Sunday, August 23, 2015

Whole30

Today has been a fun-filled one full of cooking.  And I don't even like cooking.

My chiropractor has been getting on me lately about trying the Whole30 program to see if it could help with the inflammation around my back and also improve my health in general.  At first I kinda considered it, but didn't really look into it.  I knew it meant cutting out grain goods and dairy and I didn't think I could do it.  I didn't want to.


A couple of weeks ago she suggested it again, and for some reason I started doing some research.  Then something switched in my brain, and I started really wanting to do it.  I've been overweight for several years now, and that spare tire has not been good for my already fragile self-esteem and confidence.  I knew this would be a good way to seriously attempt to lose some weight, and it would only be thirty days.  I figured I could do that.

And so I did.  I knew there would be a birthday potluck for a girl at work that would have particularly delicious dishes, so I chose to start the day after that, which was Tuesday.  I am currently on Day 5 and going strong.  Day 1 was good, but Days 2 & 3 kicked my ass.  I had pounding headaches and no energy at all.  I guess from all the bad junk leaving my body?  I was craving everything I couldn't have, and it didn't help that there were tons of sweet goodies at work.
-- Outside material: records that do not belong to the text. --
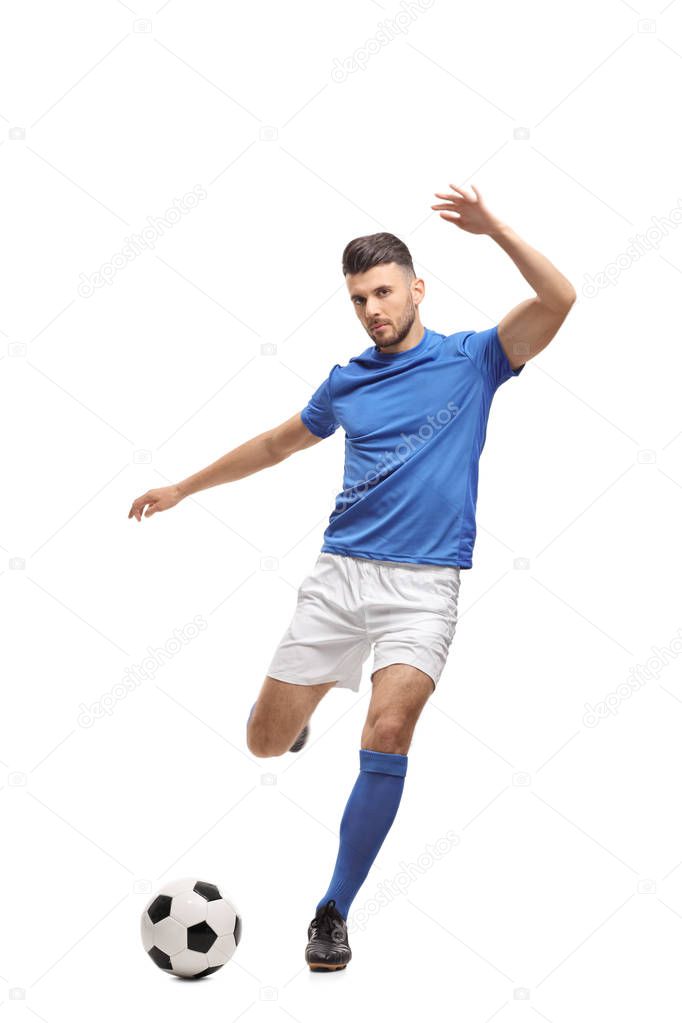 Soccer player kicking a football isolated on white background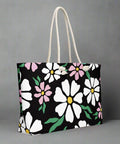 Daisy print oversized canvas tote bag with durable rope handles, shown against neutral background
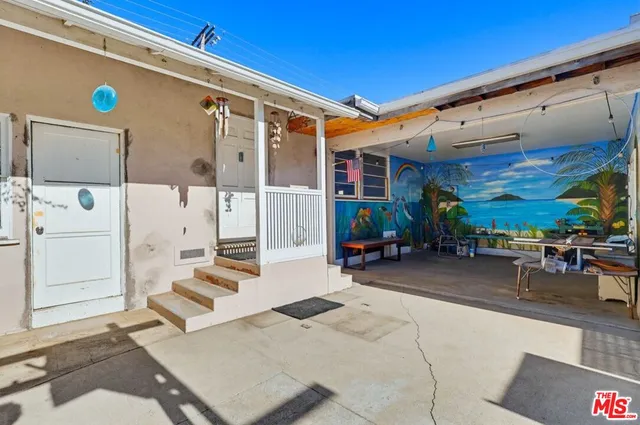 a kitchen with a stove a sink and a window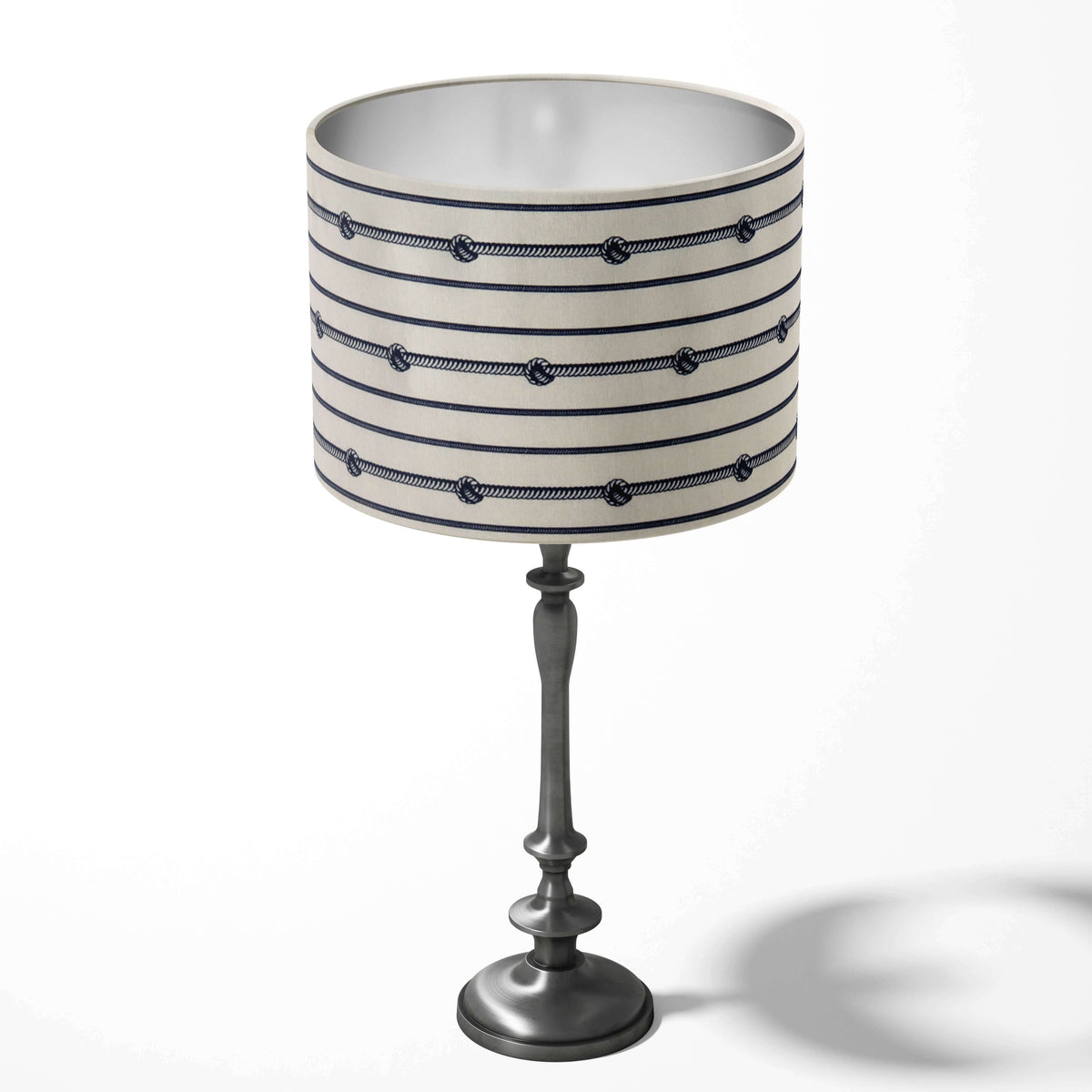 Navy blue and white nautical table lampshade with a striped pattern on a white background.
But I've resisted, and it's paying off.  As of yesterday I've already lost four pounds!  I weighed myself three times to make sure the scale was correct, and even then I wasn't convinced.  I've never lost that much is such a short period of time.  You're not supposed to weigh yourself at all during the thirty days, but I just couldn't help it.  I really wanted to see if I'd made any progress, and knowing that I have has given me even more determination to keep with it.

I didn't plan for the start of it very well, and I got pretty bored of the food.  I'd eat a couple of eggs for breakfast and have some tea.  I am not a fan of tea and actually went back to coffee today and added a little coconut milk and cinnamon.  I'd have some fruit and leftovers for lunch.  For dinner every single night I was making chicken and vegetables.  It was good, but it was getting rough.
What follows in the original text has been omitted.